Chapter three

622 110 27
                                    


Don't wait for someone to bring you flowers, plant your own garden and decorate your own soul~

**********

Tick-tock  tick-tock tick-tock

The wall clock was the only sound I could hear. The small ball I had been twirling in my hands slipped off and rolled down the tables. I didn't bother to pick it up. The therapist office was located at the most quiet and secluded area in the hospital. The  mental ward was very noisy, whereas, here was calm and quiet. The door to the office opened and Dr Laweezah came in.

Hello Noor, it's so nice to see you again" she chimed with her very enthusiastic voice. "Sorry I kept you waiting, I had an emergency down there" She said smoothing her white coat and finally sitting down on her chair

"So , how have you been"  she inquired and I just nodded. Every time I step into this office, I feel the memories flood back, like it just happened. I come here every two weeks, but every time, I feel it. The feeling. The memories. The pain.

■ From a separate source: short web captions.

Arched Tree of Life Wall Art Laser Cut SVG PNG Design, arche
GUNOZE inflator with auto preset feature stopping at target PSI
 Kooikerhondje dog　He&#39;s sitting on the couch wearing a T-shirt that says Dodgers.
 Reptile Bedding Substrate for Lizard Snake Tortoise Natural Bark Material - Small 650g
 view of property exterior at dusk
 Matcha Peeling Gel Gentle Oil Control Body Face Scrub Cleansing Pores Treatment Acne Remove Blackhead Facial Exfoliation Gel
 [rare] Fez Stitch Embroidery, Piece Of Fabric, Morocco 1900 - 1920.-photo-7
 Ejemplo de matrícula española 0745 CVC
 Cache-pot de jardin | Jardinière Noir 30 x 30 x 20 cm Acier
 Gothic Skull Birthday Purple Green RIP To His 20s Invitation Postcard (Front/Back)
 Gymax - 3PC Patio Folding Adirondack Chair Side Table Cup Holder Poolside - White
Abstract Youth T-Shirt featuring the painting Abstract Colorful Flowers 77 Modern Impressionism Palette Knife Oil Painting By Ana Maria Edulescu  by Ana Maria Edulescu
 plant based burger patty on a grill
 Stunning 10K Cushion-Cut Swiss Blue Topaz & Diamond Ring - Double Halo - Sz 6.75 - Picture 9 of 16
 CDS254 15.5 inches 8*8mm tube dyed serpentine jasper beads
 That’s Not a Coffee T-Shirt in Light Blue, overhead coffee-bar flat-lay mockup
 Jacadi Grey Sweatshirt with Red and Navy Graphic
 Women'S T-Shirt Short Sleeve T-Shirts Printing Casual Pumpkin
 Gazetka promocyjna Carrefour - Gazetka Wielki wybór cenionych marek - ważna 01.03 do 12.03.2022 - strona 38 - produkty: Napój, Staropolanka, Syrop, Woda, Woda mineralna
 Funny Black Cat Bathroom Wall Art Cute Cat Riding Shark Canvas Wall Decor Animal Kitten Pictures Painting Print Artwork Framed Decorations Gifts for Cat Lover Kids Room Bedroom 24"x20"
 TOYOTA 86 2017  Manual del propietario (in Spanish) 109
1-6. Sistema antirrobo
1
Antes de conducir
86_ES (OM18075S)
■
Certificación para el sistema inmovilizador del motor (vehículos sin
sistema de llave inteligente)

"Noor...listen" she started standing from the chair and moving to the one adjacent to mine, she held my hands then continued. "Noor...You have to learn to speak up, to talk, express yourself, to do everything normal like everyone else. You have to learn to live. I know it's not easy for you, but you'll have to. It's been three years now, Forget everything, like it never happened, just cut it out of your life, forget those bitter memories and embrace the sweet new one's life's giving you and live your life to the fullest. You have your whole life ahead of you, so why waste it on old memories" she spoke smiling weakly at me.

"Don't let the old storms get you down, keep pushing forward, everything will work out In Sha Allah(if Allah wills)" she squeezed my hands slightly.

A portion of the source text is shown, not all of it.